- [Exercise material]
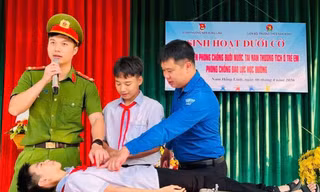 Thanh niên, công an hướng dẫn nhận biết các vùng nước nguy hiểm và kỹ năng phòng chống đuối nước 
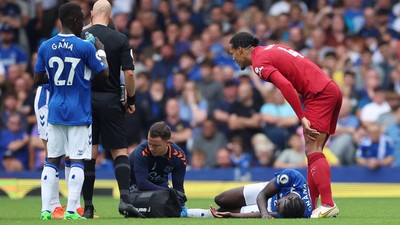 img-title Ada Apa dengan Virgil van Dijk?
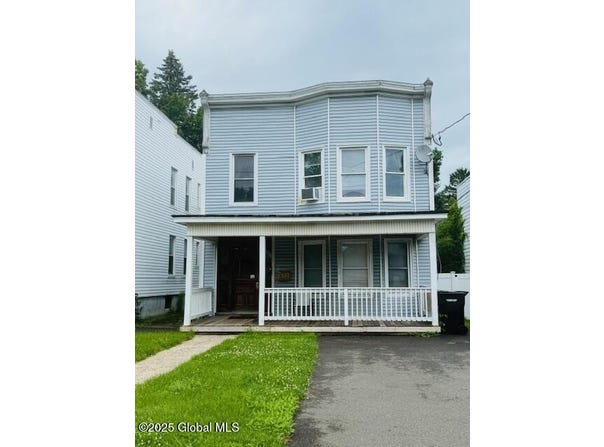 527 Pawling Avenue, Troy, NY 12180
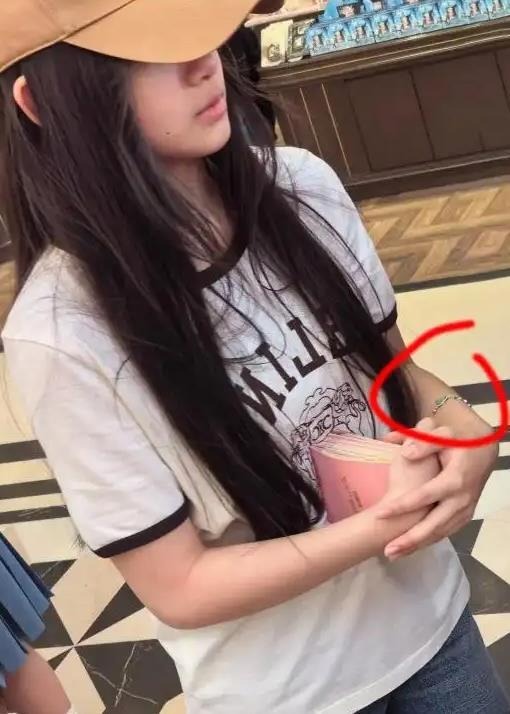 Đau l&ograve;ng cho con g&aacute;i Từ Hy Vi&ecirc;n: Ủ rũ sống b&ecirc;n cha v&agrave; mẹ kế, đ&aacute;m tang đ&aacute;m giỗ của mẹ kh&ocirc;ng được dự- Ảnh 7.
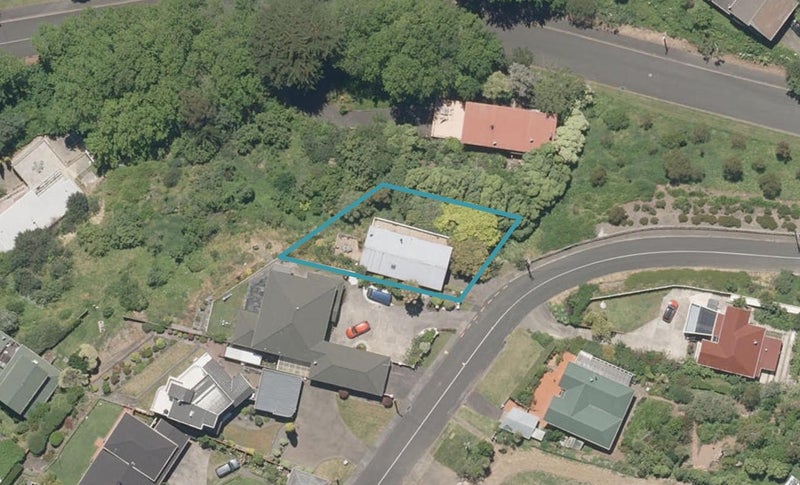 2A Hipango Terrace, Durie Hill, Whanganui - Carousel 1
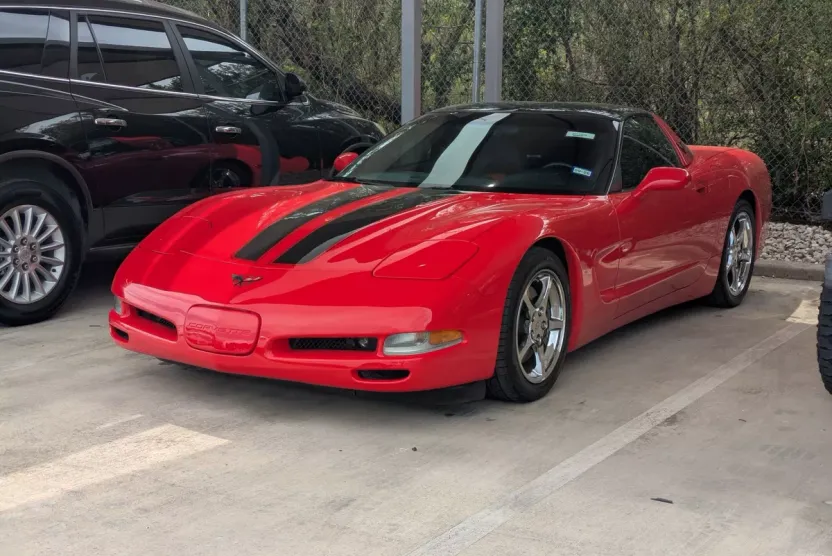 1999 Chevrolet Corvette Base photo 1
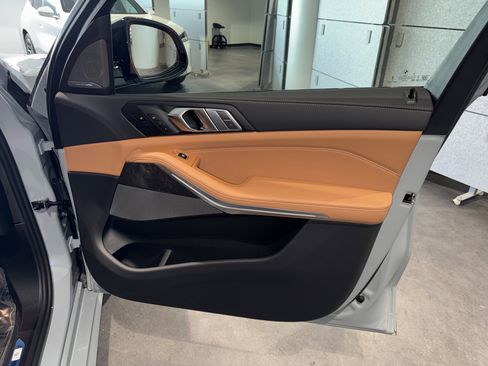 New 2026 BMW X7 xDrive40i w/ Executive Package AWD/4WD image 8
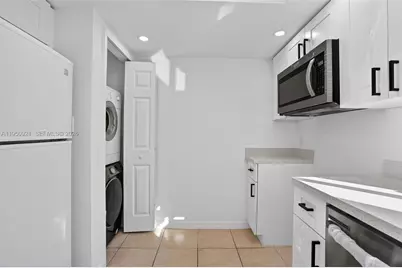 2475 NW 16th St Rd #310, Miami, FL 33125 - Photo 40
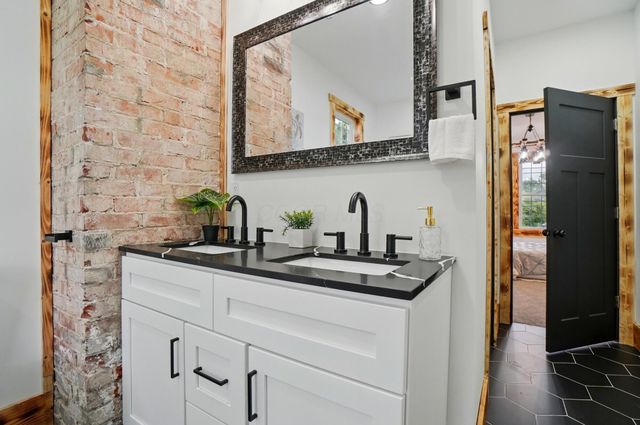525 Saint Clair Avenue, Columbus, OH 43203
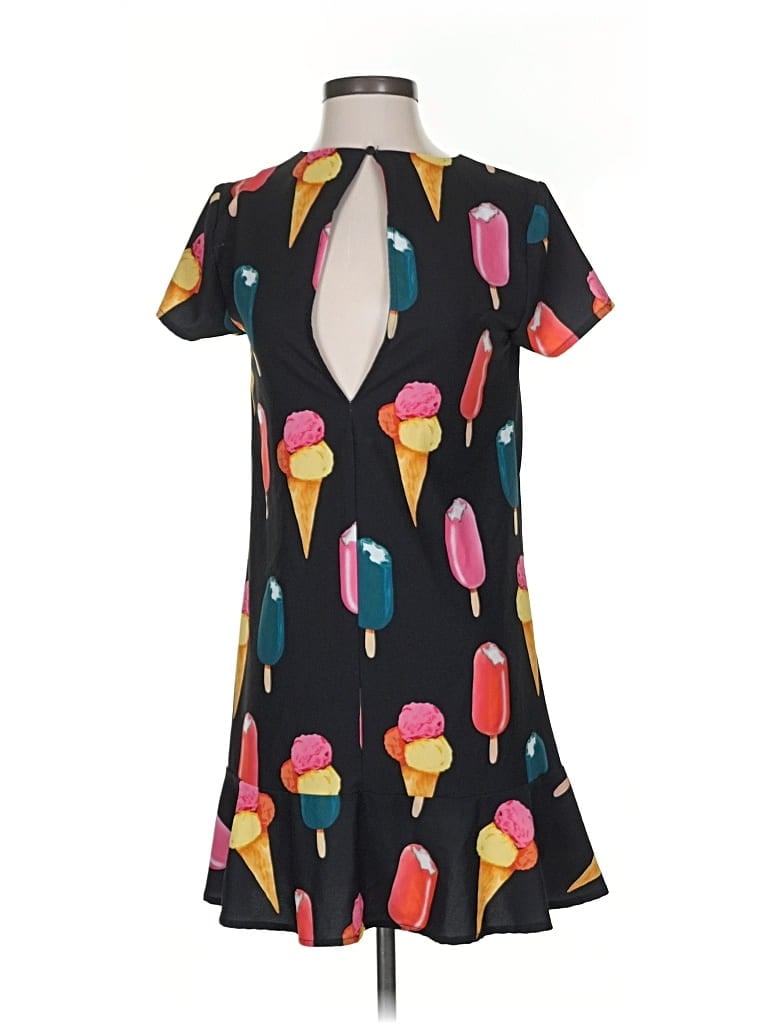 Click to view more detailed imagery on our partner's website Pre-owned Icone Casual Dress In Black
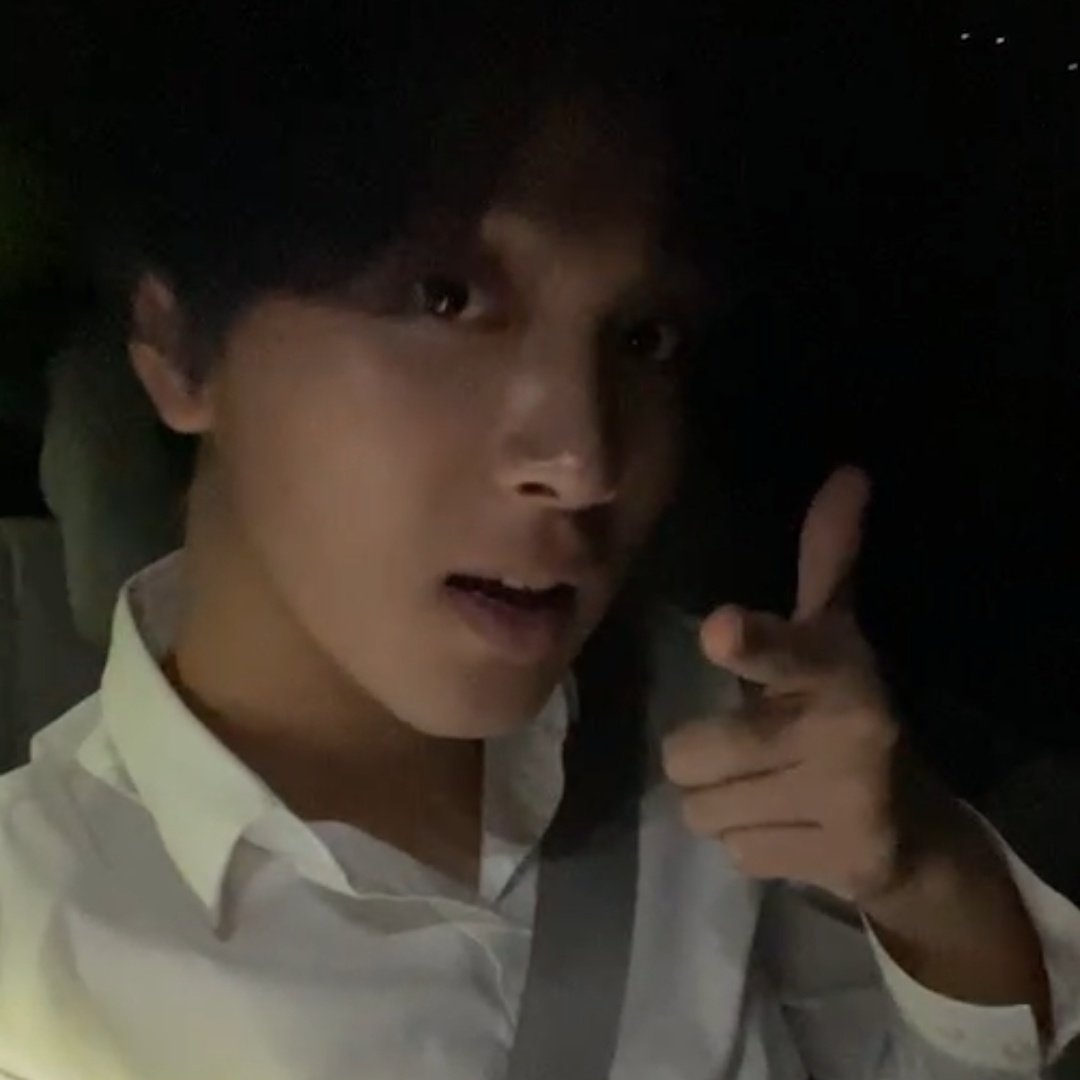 nctranslate's tweet image. —﹟TRADUÇÃO da live do INSTAGRAM do #HAECHAN | a THREAD de RESUMO 🐻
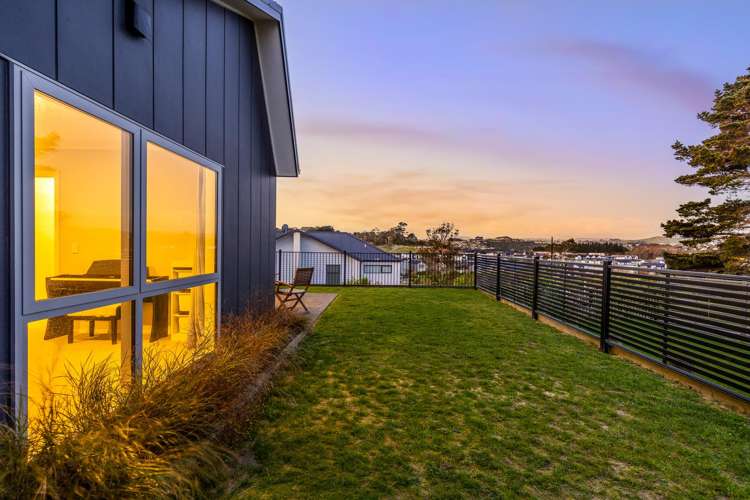 8 Hokioi Drive Kenepuru_10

- [Exercise brief] Would you please copy the listing exactly, omitting every picture?

- [Task output]
 Thanh niên, công an hướng dẫn nhận biết các vùng nước nguy hiểm và kỹ năng phòng chống đuối nước 
 img-title Ada Apa dengan Virgil van Dijk?
 527 Pawling Avenue, Troy, NY 12180
 Đau l&ograve;ng cho con g&aacute;i Từ Hy Vi&ecirc;n: Ủ rũ sống b&ecirc;n cha v&agrave; mẹ kế, đ&aacute;m tang đ&aacute;m giỗ của mẹ kh&ocirc;ng được dự- Ảnh 7.
 2A Hipango Terrace, Durie Hill, Whanganui - Carousel 1
 1999 Chevrolet Corvette Base photo 1
 New 2026 BMW X7 xDrive40i w/ Executive Package AWD/4WD image 8
 2475 NW 16th St Rd #310, Miami, FL 33125 - Photo 40
525 Saint Clair Avenue, Columbus, OH 43203
 Click to view more detailed imagery on our partner's website Pre-owned Icone Casual Dress In Black
 nctranslate's tweet image. —﹟TRADUÇÃO da live do INSTAGRAM do #HAECHAN | a THREAD de RESUMO 🐻
 8 Hokioi Drive Kenepuru_10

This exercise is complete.